You have to take care of yourself first, though. You don’t have a place to stay, but a generous fellow named Tom Nook offers to build a house and gives you an unlimited time to repay him. It seems fine, until you get the bill. There’s a lot of zeros involved. Thankfully, New Leaf provides several ways to make money. Much like any Animal Crossing game, it starts off small and humble, usually with seashell collecting or fruit harvesting. Take whatever you’ve scrounged up over to the nearest shop and sell it for pocket change. Meet the neighbors, do a few odd jobs. Furnish your little home one piece of furniture at a time. Get some spare clothes. Put the rest in the bank account, and watch the numbers add up. Rinse and repeat, hour after hour, day after day. It’s just like real life, except with talking animals. Eventually, you get enough cash to pay off the house, but Nook will coax you into renovating it further. Then the whole process repeats itself multiple times, culminating with you running out of floor space for your massive hoard of items. The transition from flea-ridden tent to a six-room mansion takes many hours and over 7.5 million dollars, but it is worth the effort.

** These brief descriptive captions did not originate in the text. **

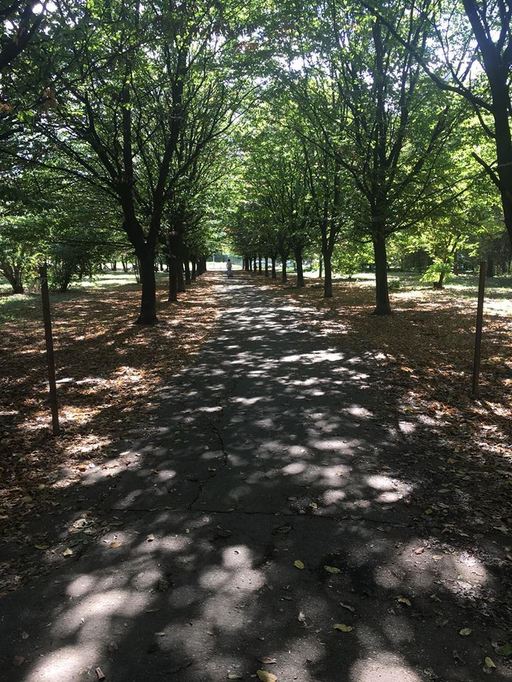 Reprezentant Eco Civica: În Bucureşti mai avem în jur de 1.500 de hectare de spaţiu verde, dar jumătate nu este declarat ca atare în documentaţiile urbanistice; este o şmecherie a autorităţilor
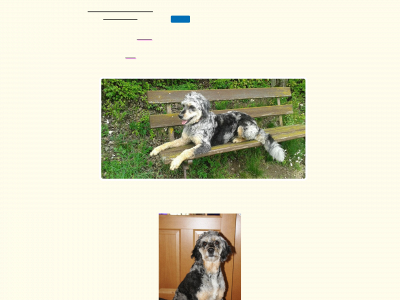 aussiedoodles-vom-kaiserhof.de snapshot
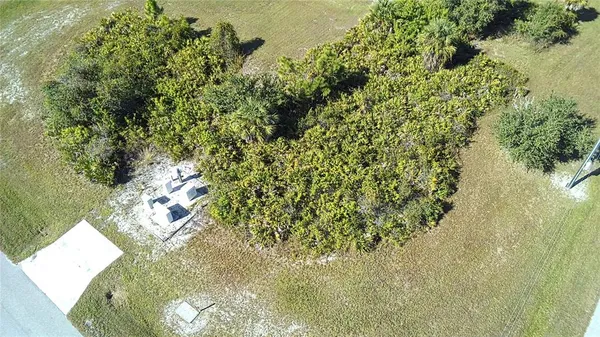 a view of a yard with plants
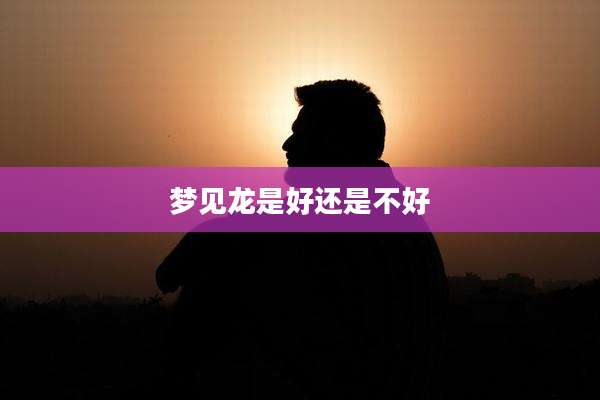 梦见龙是好还是不好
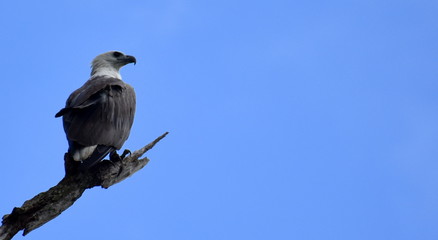 Eagle sitting on a branch in front of a blue sky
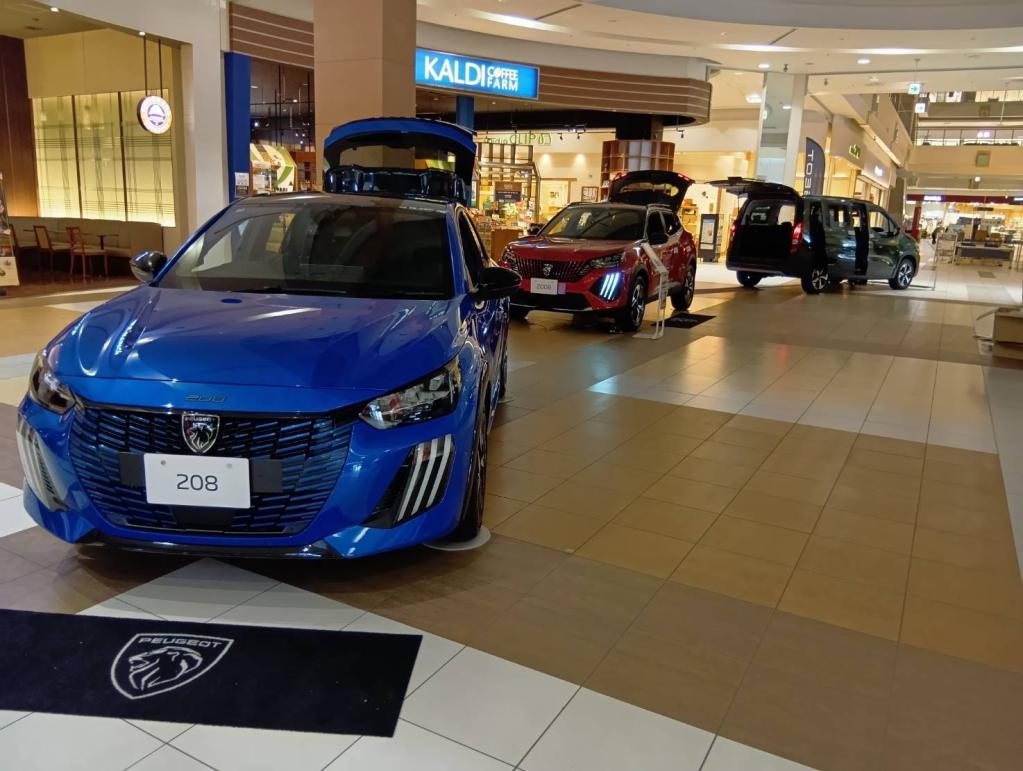 イオンモール北戸田展示会開催中でございます！！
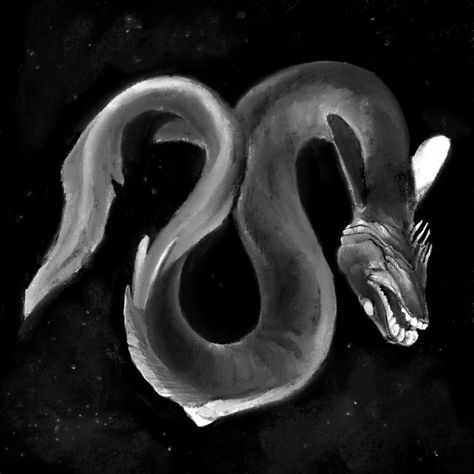 Frilled Shark Drawing, Frilled Shark Art, Shark With Mouth Open, Frilled Shark, Black Tip Reef Shark, Shark Surrounded By Fish, Country Art, Sharks, No Frills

While every Animal Crossing game is structured in the same way, New Leaf adds several new aspects to keep things interesting. Aside from the Happy Home Academy grading and the hidden Feng Shui decorating systems, Nook now runs a home exterior customization service. Various doors, fences, pavement, and entire architectural makeovers are available. The bland, generic houses can be tricked out with fairy tale-style spires, humongous modern windows, or even Japanese Zen Buddhist temple rooftops. The upgraded furniture list now boasts over 1,200 collectibles spanning multiple sets and motifs. If you’re a completionist, prepare to be in for a long haul; items appear randomly in the store, so getting full sets requires some patience. The process is mitigated by the new Happy Home Showcase. By utilizing the 3DS’s Streetpass system, you can view other players’ houses and order nearly everything inside. Though it’s only limited to five shipments per day, it’s immensely useful in finding obscure items and sets. However, there’s no in-game list that shows what you already own. If you’re not careful, you could waste thousands on extra furniture. Even something as simple a checkmark on an object’s description would’ve saved a lot of hassle. Once you’ve loaded up on stuff, you should indulge in the newly-implemented refurbishing service. With some expensive gemstones and patience, your furniture can be redone in more stylish colors. As nearly everything in your home can be altered, crafting your dream home is easier than ever.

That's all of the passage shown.